African-American students are far more likely to be suspected of crimes by school police than students of any other race, police data from the Houston Independent School District and Cy-Fair ISD show.

And at Fort Bend ISD, where preliminary numbers show the same pattern, school officials refuse -- unlike their counterparts at HISD and Cy-Fair -- to turn over fuller crime numbers with details of race, claiming the process will cost hundreds of dollars.

According to a Ted Oberg Investigates analysis of interactions between school police officers and students between 20014 and 2016:

  • Black students make up just 24 percent of HISD's student body, but are 55 percent of HISD police suspects. Other students -- including white, Asian and Native American -- count for just over 40-percent of suspects when school police are involved. HISD administrators note that it's unclear if those numbers are accurate, citing outdated records management software. HISD also said that 60 percent of its police force is African-American.
  • In the Cypress-Fairbanks school system, 16 percent of students are African-American, but make up 40 percent of student criminal suspects. White students count for 32 percent of Cy-Fair's student body and are suspects in school crimes about 31 percent of the time. Cy-Fair officials said they are addressing such issues through management and diversity awareness training.
  • Earlier this year during an abc13 report into three years of forgery arrests at Fort Bend ISD, records showed that in every case in which a suspect's race is listed, the suspect was a student of color. For documentation in connection with all crimes, Fort Bend sent abc13 a bill for $500 even though their own information technology software supplier said the information could be easily supplied.

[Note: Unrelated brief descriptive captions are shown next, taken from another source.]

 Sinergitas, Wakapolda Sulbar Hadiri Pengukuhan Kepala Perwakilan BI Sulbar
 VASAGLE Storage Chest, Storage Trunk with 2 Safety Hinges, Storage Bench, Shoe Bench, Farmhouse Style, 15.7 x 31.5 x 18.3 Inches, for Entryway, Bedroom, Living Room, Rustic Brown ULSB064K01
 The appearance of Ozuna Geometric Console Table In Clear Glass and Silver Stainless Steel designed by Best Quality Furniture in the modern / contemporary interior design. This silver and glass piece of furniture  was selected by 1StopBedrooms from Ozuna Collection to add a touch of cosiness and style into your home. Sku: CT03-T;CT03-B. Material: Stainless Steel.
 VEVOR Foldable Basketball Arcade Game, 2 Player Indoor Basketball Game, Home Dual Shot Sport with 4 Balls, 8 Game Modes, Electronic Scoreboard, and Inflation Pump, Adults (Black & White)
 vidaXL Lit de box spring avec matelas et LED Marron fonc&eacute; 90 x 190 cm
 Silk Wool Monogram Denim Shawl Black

These numbers reflect national trends seen in big city police departments through the U.S. But to some parents, lawyers, board members and activists that abc13 spoke with, these numbers are disquieting.

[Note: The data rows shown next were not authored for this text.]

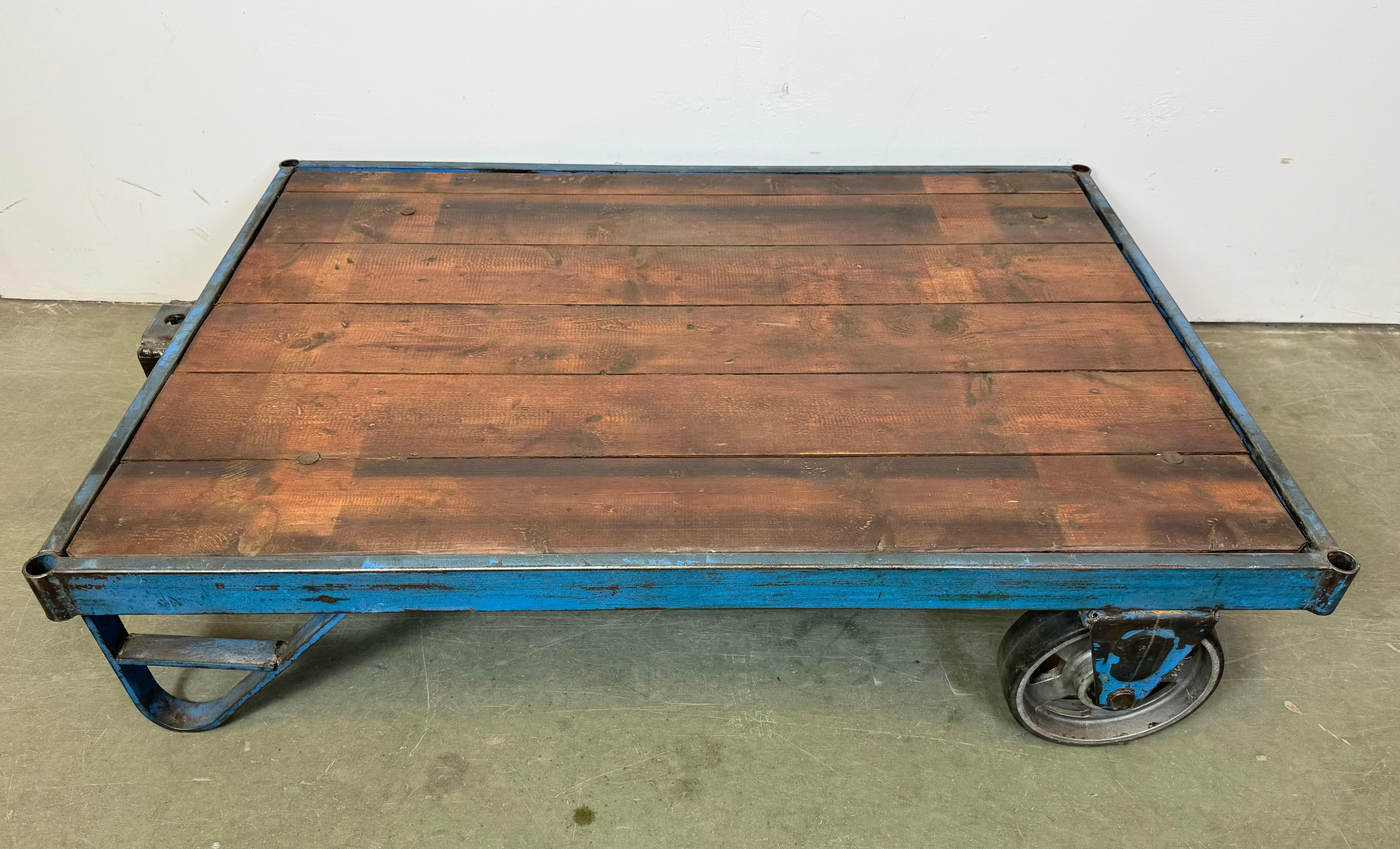Czech Large Blue Industrial Coffee Table Cart, 1960s For Sale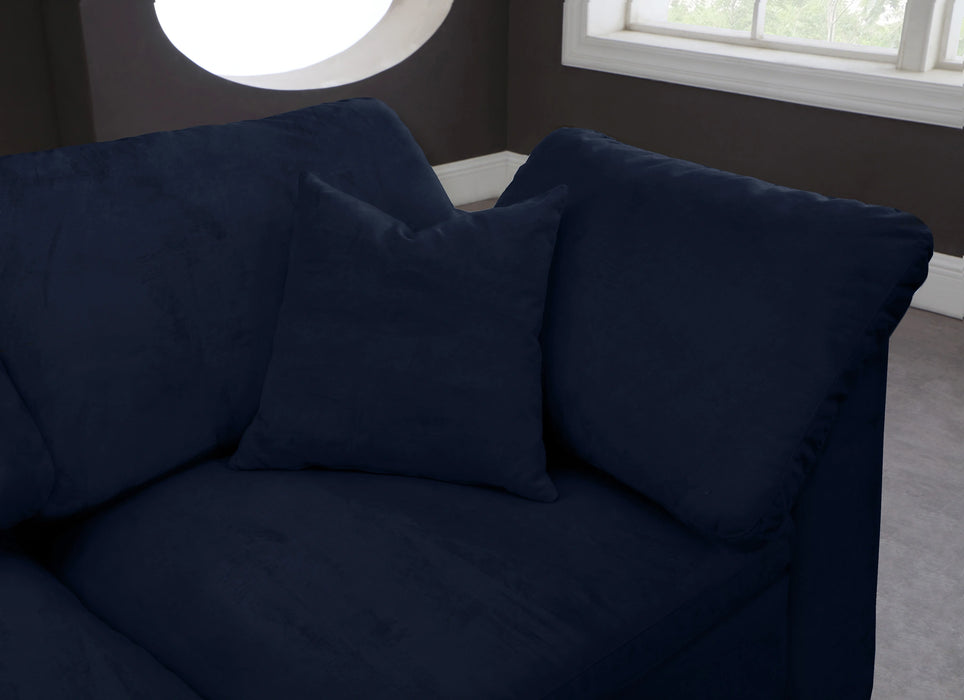 Cozy Navy Velvet Cloud Modular Sofa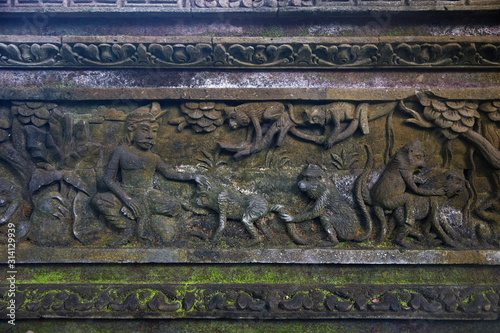 An ancient stone carving in...
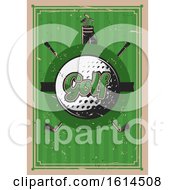 Clipart Of A Distressed Golf Background Royalty Free Vector Illustration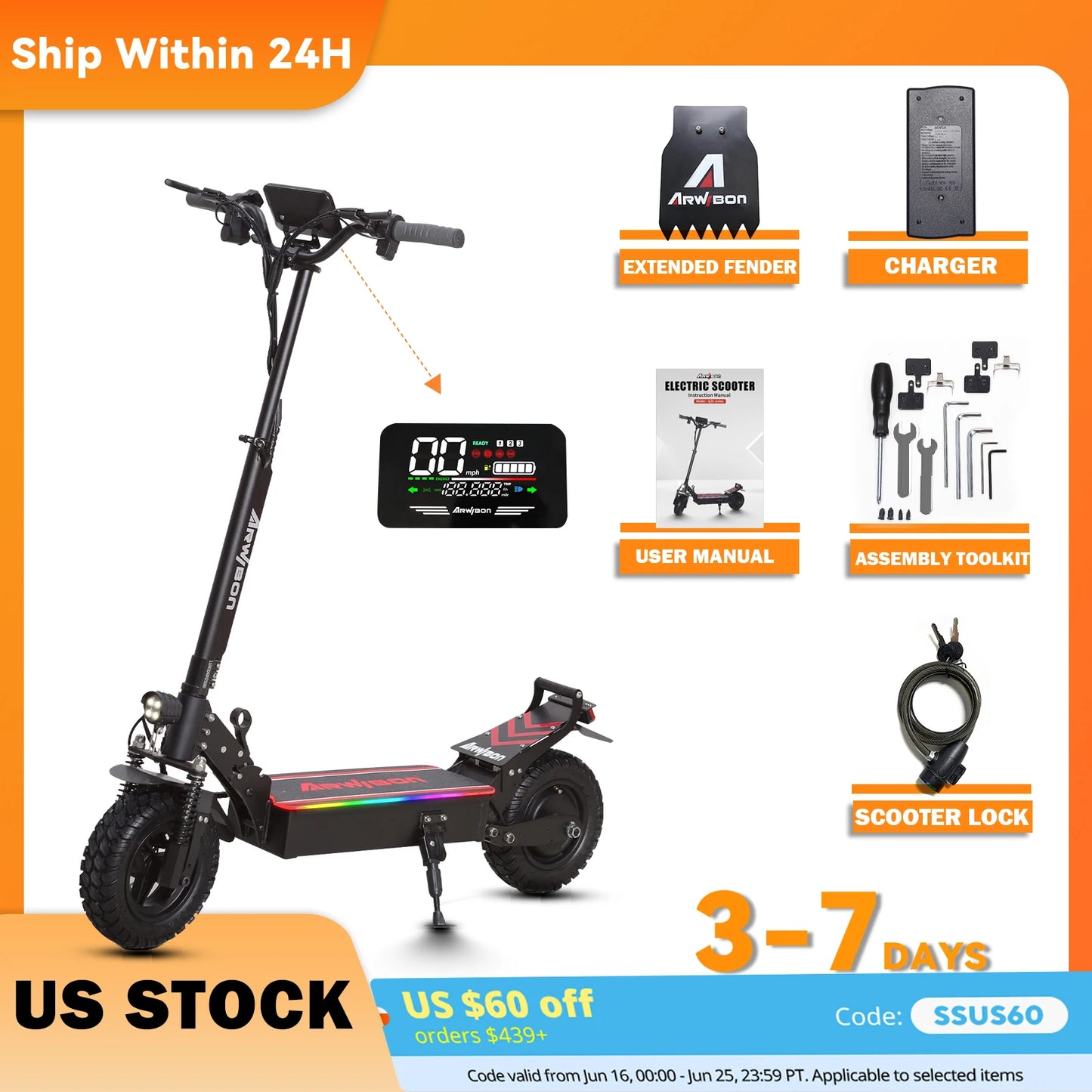 Arwibon Q30 Adult Electric Scooter 2500W Motor Top Speed 30MPH 48V 16AH 11 Inch Off Road Tires Sport Commuter Folding E Scooter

"We should expect the school district police to do better, to be better," HISD trustee Jolanda Jones said. "We're responsible for children. These are kids and children don't always make the best mistakes."

A key problem for this report: Police chiefs from all three school districts that Ted Oberg Investigates examined refused to discuss on camera this issue even though this data was requested months ago and formal interview requests were made weeks ago.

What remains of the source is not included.